9.消えた母親

1889年、パリでは万国博覧会が開催されていた。詰めかける観光客のためにホテルはどこも満員、部屋を確保できれば、まさしく幸運だった。しかし、そんな中、インド帰りのイギリス人母娘が、パリでも指折りのとある高給ホテルに2部屋のシングルルームをとることができたのは、このあとに起きたことを考えると幸運とは言えなかった。

イギリス人母娘は、ホテルに着くと各々宿帳に記入し、母親には342号室が手配された。ベルベットのカーテン、マホガニーのテーブルなどがある豪華な部屋だった。しかし、ここで母親が突然発病し、ベッドから起きあがることもできなくなってしまった。診察したホテル勤務の医師は、娘にもいくつかの質問を行った。その答えを聞いた医師は、ホテルの支配人と何やら部屋の片隅で相談をした後、娘にこう言った。

「お母様の病気は大変重い。治療するための特別な薬は、パリの反対側にある私の診察室にしかない。私はお母様の容態の変化に備えてここを離れられないので、かわりにあなたが取りに行ってくれないか。」

娘は医師の馬車に乗り、診察室へ向かった。のろのろと走る馬車にイライラし、診察室の事務員ののんびりとした対応に腹をたて、再び馬車の歩みの遅さに癇癪をおこしながら娘がホテルに帰り着いたときには、既に出発から4時間が過ぎていた。

娘は、馬を飛び降りロビーへ駆け込み支配人に

「母の具合はどうですか。」

と訊ねたが、支配人の返事は信じられないものだった。

「どなた様のことでしょうか、お客さま。」

娘は時間がかかった理由を賢明に説明したが、支配人の態度は変わらなかった。

「しかし、お客様、私共のホテルには、お客様がおっしゃる様なご婦人は宿泊されておりません。お客様はお一人でお着きになったではありませんか。」

娘は気も狂わんばかりになって反論した。

「宿帳を見せてよ。さっき二人で一緒に記入したわ。あれを見ればすぐ判るわ。」

直ちに娘の前で宿帳が開かれた。支配人がページに指を走らせる。中程に娘のサインがあった。そのすぐ上に母親のサインがあるはずだった。しかし、そこに書かれているのは全くの別人のサインだった。

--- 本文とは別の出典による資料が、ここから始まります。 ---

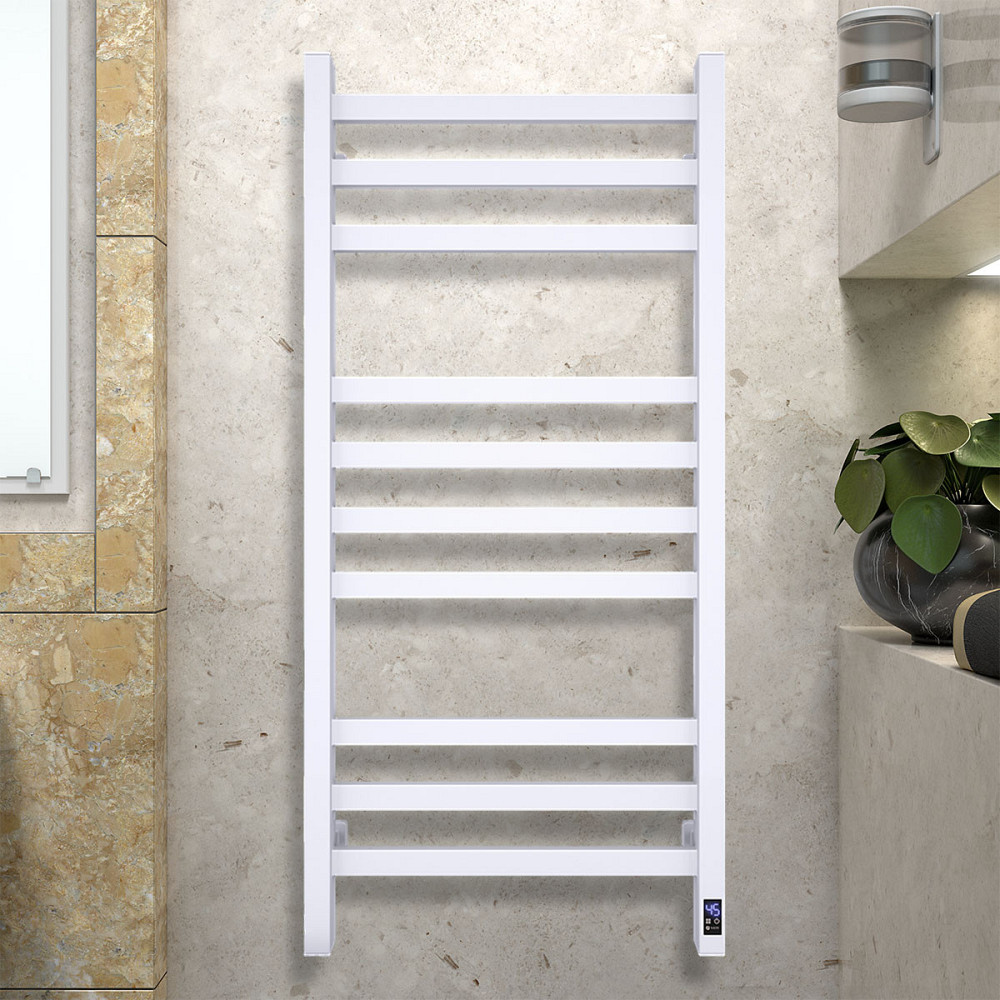 Полотенцесушитель электрический NAVIN Авангард 480х1000 Sensor, белый, левый (12-028153-4810) Киев - изображение 3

「私達は二人ともサインをしたわ。そして母は342号室へ入ったのよ。今でもそこで寝ているはずよ。とにかく部屋を見せてちょうだい。」

支配人はその部屋にはフランス人が宿泊している、と言った。しかし、娘が納得するはずもなく、部屋へ行くことになった。342号室には人気がなく、見知らぬ荷物が置かれているだけだった。ベルベットのカーテンも、マホガニーのテーブルも、消え失せていた。部屋の調度品は、全てさっき娘が見た物とは全く違うものになっていた。

娘は言葉をなくし、ロビーに戻った。そこに母親を診察した医師がいた。母親のことを訊ねたが、娘に合ったことはなく、ましてやそのような女性を診察したこともない、と言い張った。

娘はこの一件をイギリス大使館に訴え出たが、大使館はまともに取りあわなかった。警察も新聞社も反応は同じだった。娘は精神病院へ閉じこめられた。

この不思議な話はこれで全てが終わっている。支配人と医者が嘘をついたのか、娘が狂っていたのか、あるいは母親が本当に「いなくなって」しまったのか。真相はわからない。

ただ、支配人が嘘をつく理由なら、一つだけ推測できる。娘の母親がインドからペストを持ち込んでしまい、それが表沙汰になって万博が台無しになることを恐れたホテルの支配人が、握りつぶす画策をした、というものだ。

でもこんな真相じゃつまらん、という方もいるでしょうね。私もそうです。